Much ink has already been spilled on the potential of first round prospects Joe Burrow, Tua Tagovailoa and Justin Herbert. This week I set out to shed some light on some of the less-heralded Day 3 NFL Draft quarterback prospects.
Jake Luton - (6'6/224) - Oregon State
Lightly recruited out of Marysville, Washington, Luton earned a modest two-star grade from 247 Sports when he enrolled at Idaho in 2014. He played only sparingly for the Vandals recording 403 passing yards with a 1/4 ratio in 2015. His tumble down the Idaho depth chart led to Luton transferring to Ventura Community College where he set the school's single-season record for passing with 3,551 yards and 40 touchdowns. Luton successfully boosted his profile securing a bump to three-star status on the 2016 Junior College recruiting board, ranking as the third best pro-style quarterback and number 54 JUCO prospect overall according to 247 Sports.
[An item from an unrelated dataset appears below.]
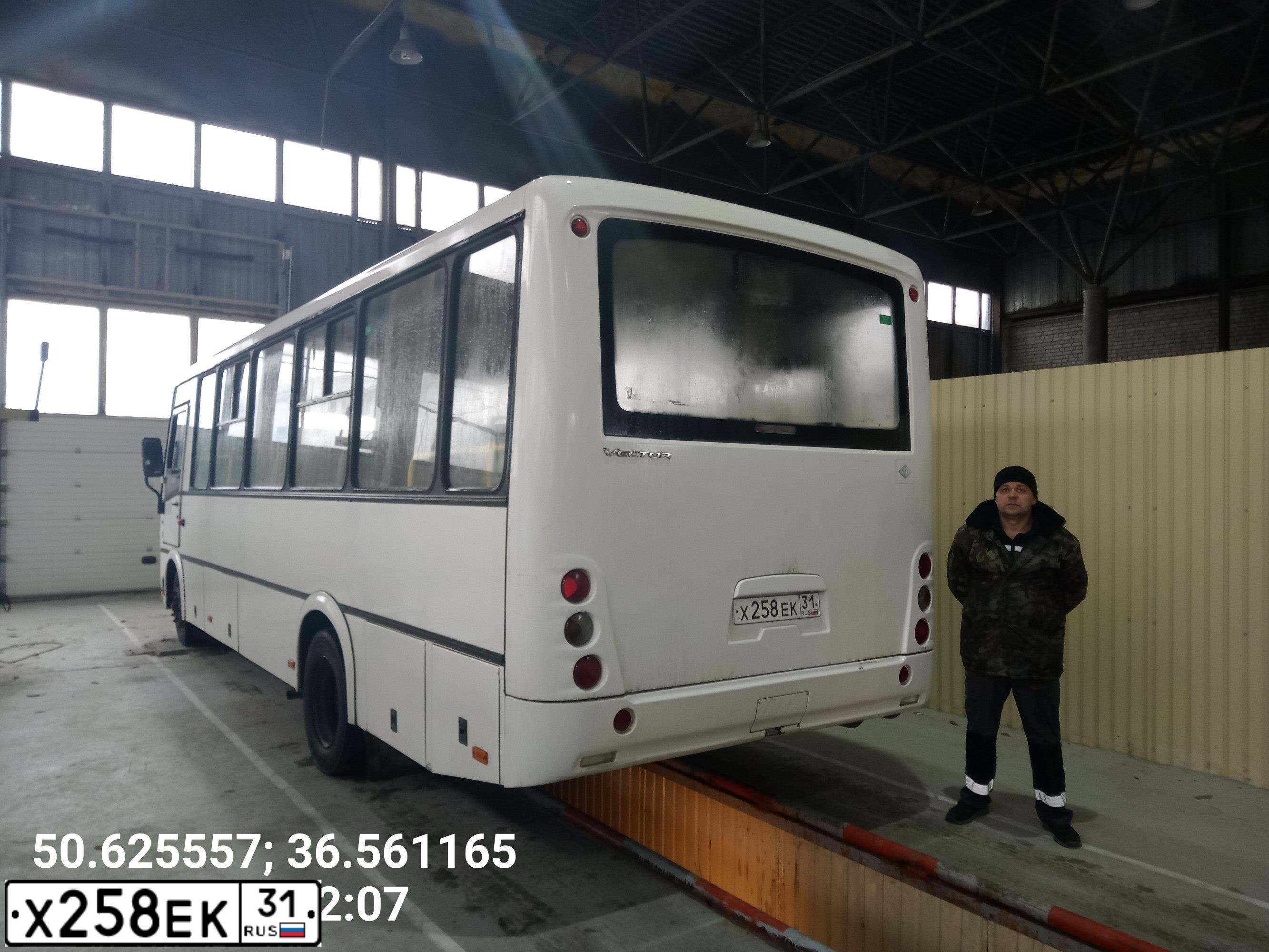 Фото автомобиля PAZ 3204, 2018 — госномер Х258ЕК31. Цвет: Белый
Upon his 2017 arrival in Corvallis, Luton started the first four games before suffering a back injury that knocked him out for the remainder of the season. He reclaimed the starting job in 2018 but suffered early season head and ankle injuries that allowed Connor Blount to take the lion's share of snaps. Luton took control of the competition when he led Oregon State on a dramatic comeback from a 31-3 deficit against Colorado to secure a 41-34 overtime victory, throwing for 310 yards and three touchdowns despite not playing in the first half. All told, Luton threw for 1,660 yards with a 10/4 ratio in 2018.
Luton remained the unchallenged starter in 2019 and was almost able to make it through a full season healthy, but a forearm injury suffered November 23rd against Wazzou caused Luton to miss OSU's final game against Oregon. Even so, Luton played in 11 games completing 62 percent of his passes for 2,714 yards and a stellar 28/3 ratio. He provided a steady presence under center for most of the season, posting dominant performances against UCLA, Arizona, Arizona State and Wazzou while underwhelming against the stout defenses of Utah and Washington.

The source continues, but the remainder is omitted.